After several rounds of excavations, archeologists are able to confirm that the Lingjiatan relic site in east China's Anhui Province was once a bustling city with booming art handicrafts, textile and processing industries.
The site had been lying beneath an expanse of rice paddies and vegetable plots in the Chaohu Lake drainage area between the Yangtze and Huaihe rivers, until it was discovered in 1987.
From the 1.6 million-square-meter site, experts have unearthed a residential area with intricately designed houses, a 3,000-square-meter square paved with red pottery pieces and a graveyard with an altar and 66 graves.
"The square must have been a political, military and cultural center of the city, where local residents used to gather for meetings and perform religious rituals, and soldiers for drills," said Zhang Jingguo, a noted archeologist with the Anhui Provincial Institute of Archeology, who has headed the excavation.
Zhang and his colleagues have also unearthed a well, a moat, a stoneware workshop, three mammoth stone structures and more than 1,300 sacrificial pieces: pottery, stoneware, jade figurines and jade turtles imprinted with augury patterns.
Fixed abodes, large-scale temples, defense works and workshops are key evident factors to determine whether an origin of a civilization makes a city, according to Prof.
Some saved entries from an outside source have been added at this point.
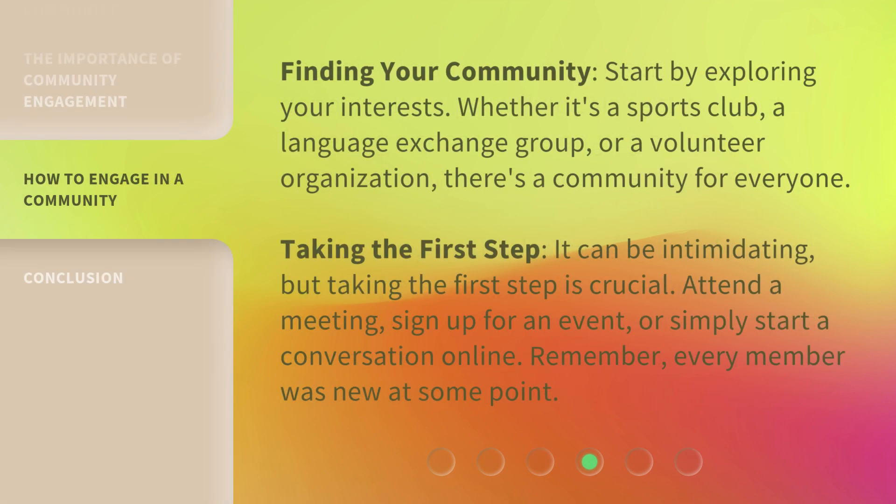Finding your community: start by exploring your interests. Whether it's a sports club, a language exchange group, or a volunteer organization, there's a community for everyone. Taking the first step can be intimidating, but it's crucial. Attend a meeting, sign up for an event, or simply start a conversation online. Remember, every member was new at some point.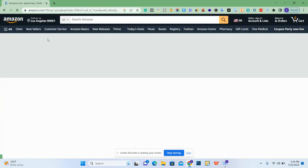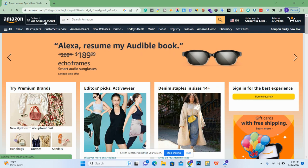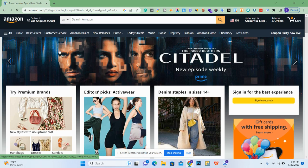You can see that my default address has been changed. It is now Los Angeles. That's it — thank you for watching.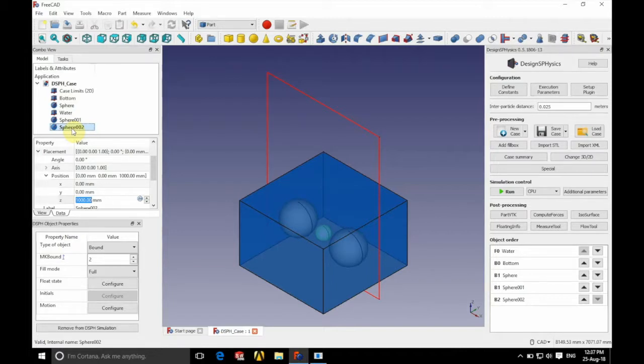So first of all we're just going to define what MK is. The MK is essentially a variable that is used to distinguish between different types of particles.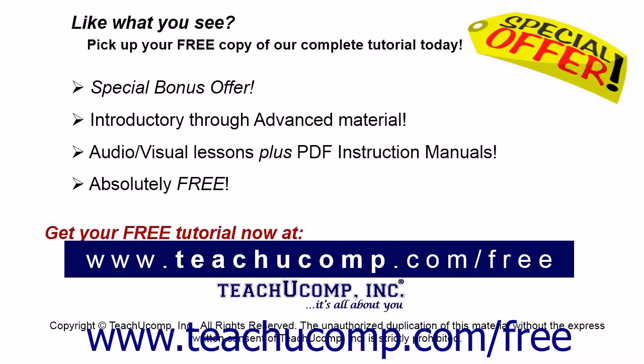Like what you see, pick up your free copy of the complete tutorial at www.teachucomp.com forward slash free.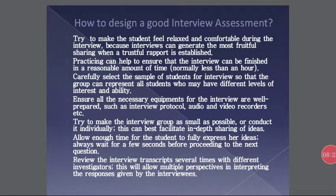You should ensure that all the necessary equipment for the interview are well prepared, such as an interview protocol, audio recorder, video recorder, etc. Try to make the interview group as small as possible or conduct it individually — this can best facilitate in-depth sharing of ideas. Allow enough time for students to fully express their ideas, and always wait a few seconds before proceeding to the next question. Review the interview transcript several times with different investigators — this will allow multiple perspectives in interpreting the responses given by the interviewee.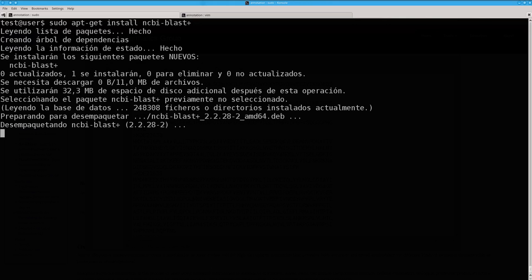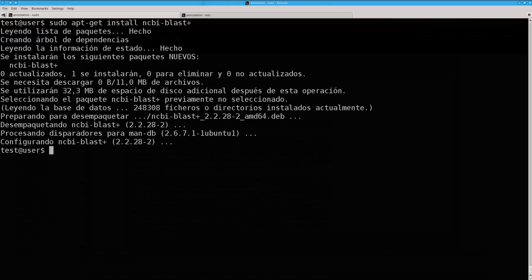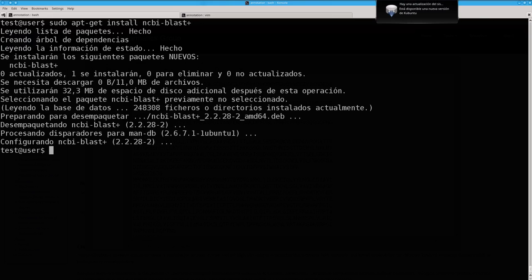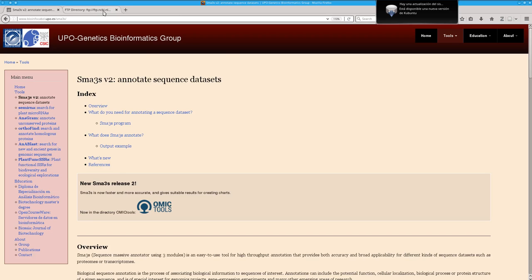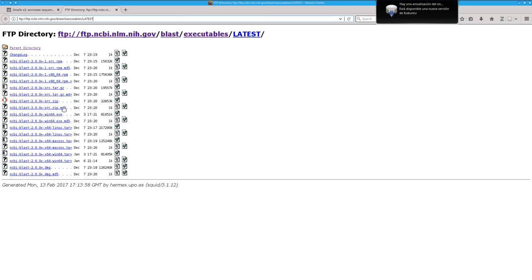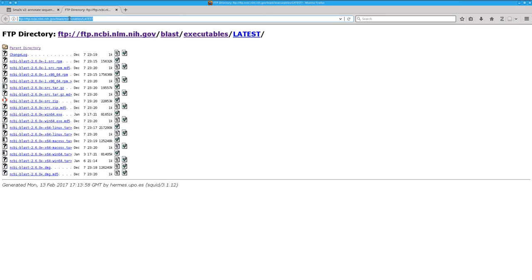Alternatively, you can install the package from the NCBI FTP server. Here you can download the files with the source code.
Dong Jianhong, an established specialist in urban history from the prestigious Shanghai-based Tongji University.
Experts say the discovery of the prehistoric city has predated the origin of Chinese cities by over 1,000 years and could also extend China's recorded history to 8,000 or even 10,000 years, from what was previously known to be around 5,000 years.
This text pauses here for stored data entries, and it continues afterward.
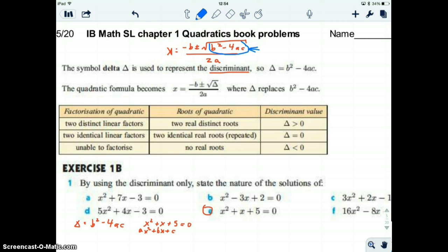If it's exactly zero, then the square root part is zero and what you're left with is negative b over 2a — that's the only solution, because it's negative b over 2a plus or minus zero, and zero can be discounted. So when the discriminant — b squared minus 4ac — is exactly zero, you have one solution. When it's positive, you have two real solutions, and when it's negative, you have no real solutions.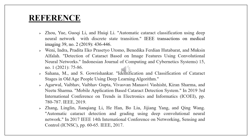References include: 'Automatic Cataract Classification using Deep Learning with a Discrete State Transaction' from IEEE Transactions on Medical Imaging; 'Mobile Application Based Cataract Detection System' from the 2019 Third International Conference on Transient Electronics and Information; and 'Automatic Cataract Detection and Grading using Deep Convolutional Neural Network' from the 2017 IEEE 14th International Conference on Networking, Sensing and Control. Thank you, and have a great day.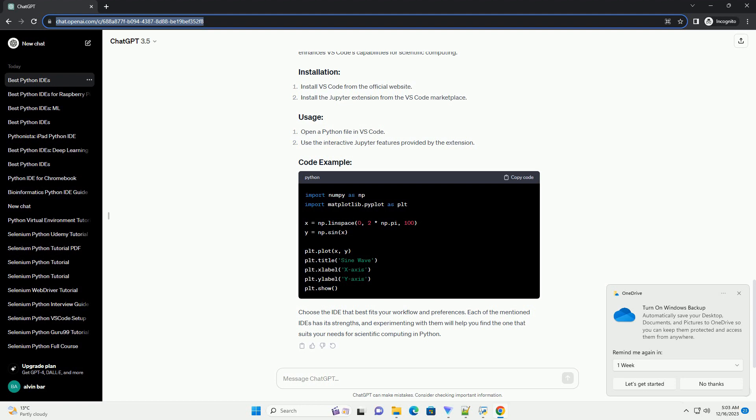Visual Studio Code (VS Code) is a lightweight yet powerful IDE. The Jupyter extension enhances VS Code's capabilities for scientific computing.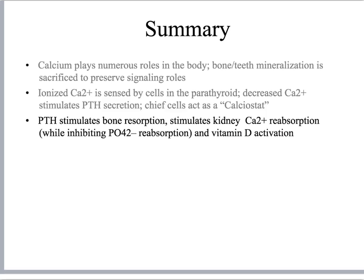Finally, parathyroid hormone works primarily by stimulating bone resorption, stimulating the kidney to reabsorb calcium while inhibiting the reabsorption of phosphate, and by activating vitamin D. More about vitamin D activation and the dietary requirements for both vitamin D and calcium will be covered in the next video.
Prior to the discovery, it was widely accepted that China's earliest city was formed some 4,000 years ago in today's Dantu Village, Wulian County of Rizhao City, in east China's Shandong Province.
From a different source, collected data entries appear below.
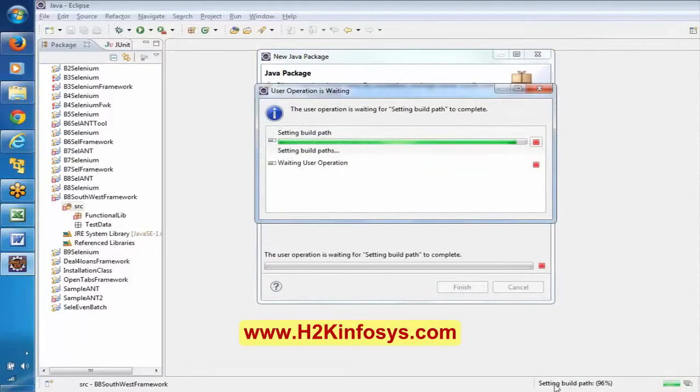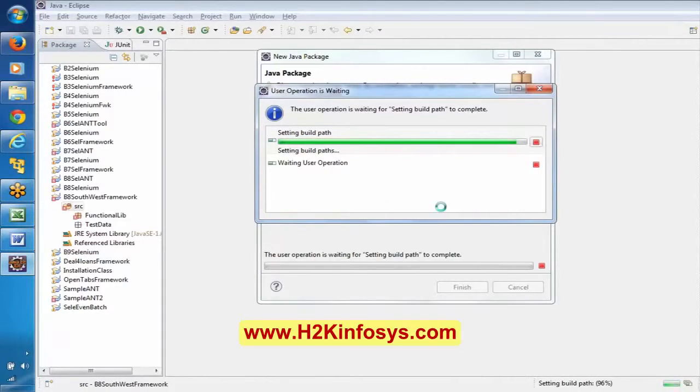The library is saying 'setting build path' so it is running in the background.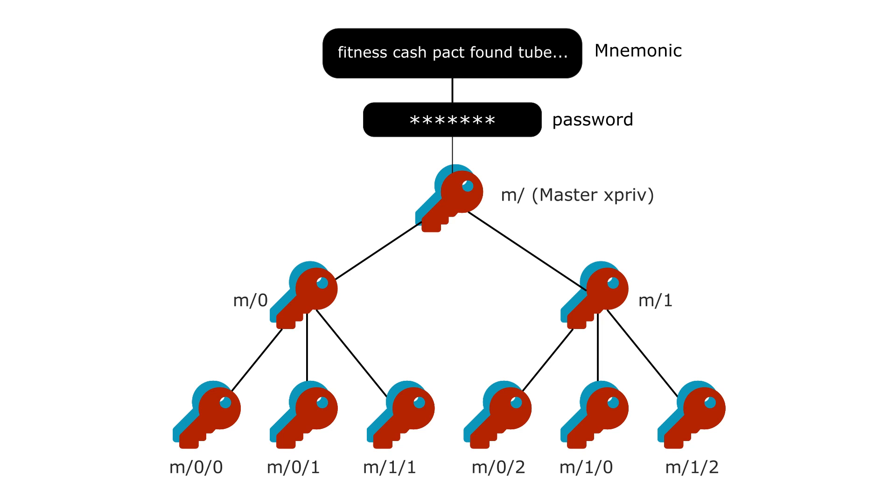If you do not neutralize the master key, you have what we call an XPRIV. Somebody knowing the master XPRIV can derive all public keys and private keys of your wallet.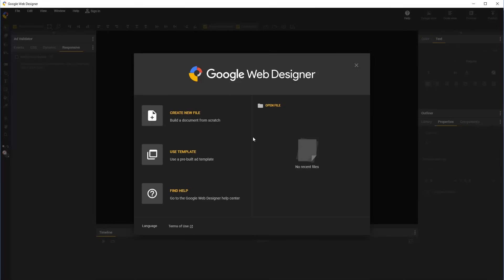Hi, I'm Joey, and today I'll be showing how to create a responsive document in Google Web Designer.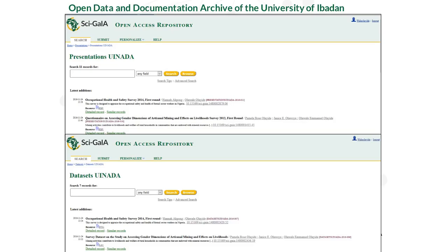The University of Ibadan, Nigeria had an open data repository that was just a non-standard database of datasets. We created categories for this project inside our open access repository and they copied all documents there. Every single document was assigned a DOI. They could put datasets, papers, and reports together — including reports on social sciences and occupational health and safety surveys — and using the concept of research packages, combine them together.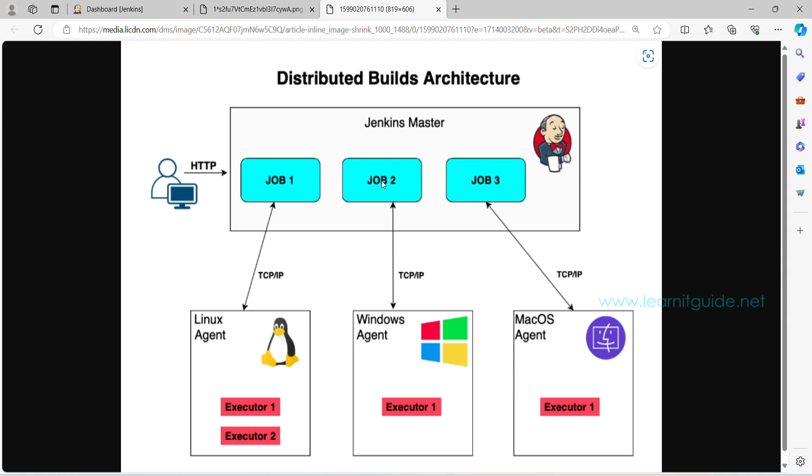Based on the project requirement, we can have multiple slaves. For example, if job 1 is the kind of job that will run only on Linux, in that case we can build or set up a Linux agent. If job 2 is the kind of job that will run only on Windows machines, in that case we can build a Windows agent. This is where the Jenkins distributed architecture will help us to schedule or distribute the load across multiple nodes.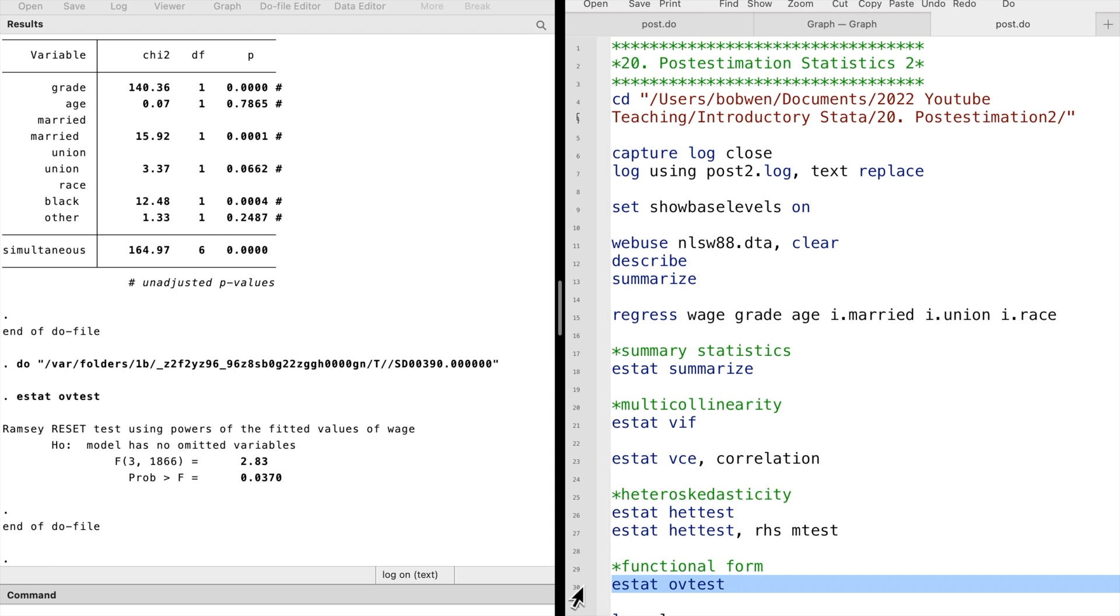We reject the null hypothesis at the 5% significance level. It suggests that we should try the square term or the interaction term of the explanatory variables, or we should try the log of the outcome variable.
Jade pieces unearthed from the site have aroused particular attention among archeologists.
"Those ancient city dwellers must have mastered advanced jade processing techniques," Zhang said after studying the texture of the jade pieces through a stereomicroscope.
Besides, all the jade figurines wear tartan hats and cross-stitched belts, a sign of a much advanced textile industry and proficient knitting skills.
"Obviously, those ancestors of the Chinese nation already wore threaded and hemp-made clothes rather than 'leaves and animal pelts' as some people used to claim," said Zhang.
Archeologists will go on with their excavation of the ruins this fall in an effort to solve more mysteries of the ancient city.